The #include? method performs substring searches within strings. This method returns a boolean indicating whether the target substring exists anywhere in the string. Case sensitivity applies by default.

message = "Welcome to Ruby programming"
message.include?("Ruby")     # => true
message.include?("Python")   # => false
message.include?("ruby")     # => false (case sensitive)

The #match method applies regular expressions to strings and returns a MatchData object for successful matches or nil for failed matches. This method stops at the first match found.

email = "Contact us at support@example.com"
match = email.match(/\w+@\w+\.\w+/)
# => #<MatchData "support@example.com">

match.begin(0)  # => 14 (starting position)
match.end(0)    # => 33 (ending position)

The #scan method finds all matches of a pattern within a string and returns them as an array. When the pattern contains capture groups, #scan returns an array of arrays containing the captured groups.

text = "Phone numbers: 555-1234 and 555-5678"
numbers = text.scan(/\d{3}-\d{4}/)
# => ["555-1234", "555-5678"]

# With capture groups
formatted = text.scan(/(\d{3})-(\d{4})/)
# => [["555", "1234"], ["555", "5678"]]

The #gsub method replaces matches with specified replacement text. The replacement can be a string literal or a block that processes each match.

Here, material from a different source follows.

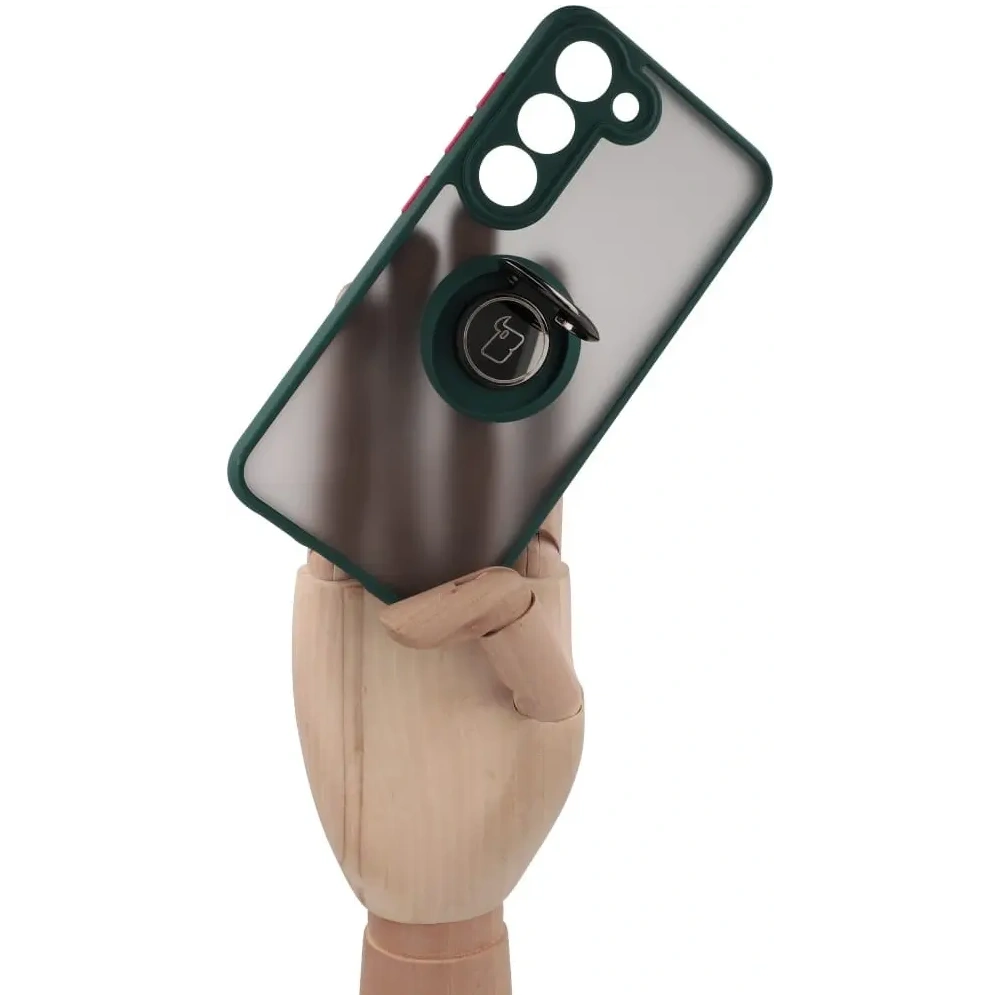 Etui z uchwytem na palec Bizon Case Hybrid Ring do Samsung Galaxy S23 przydymione z ciemnozieloną ramką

When using a string replacement, captured groups are accessible using backslash notation.

phone = "Call 555-1234 or 555-5678"
formatted = phone.gsub(/(\d{3})-(\d{4})/, '(\1) \2')
# => "Call (555) 1234 or (555) 5678"

# Using a block
redacted = phone.gsub(/\d{3}-\d{4}/) { |match| "XXX-XXXX" }
# => "Call XXX-XXXX or XXX-XXXX"

Position-based searching uses #index and #rindex methods to find character positions. The #index method returns the position of the first match, while #rindex returns the position of the last match.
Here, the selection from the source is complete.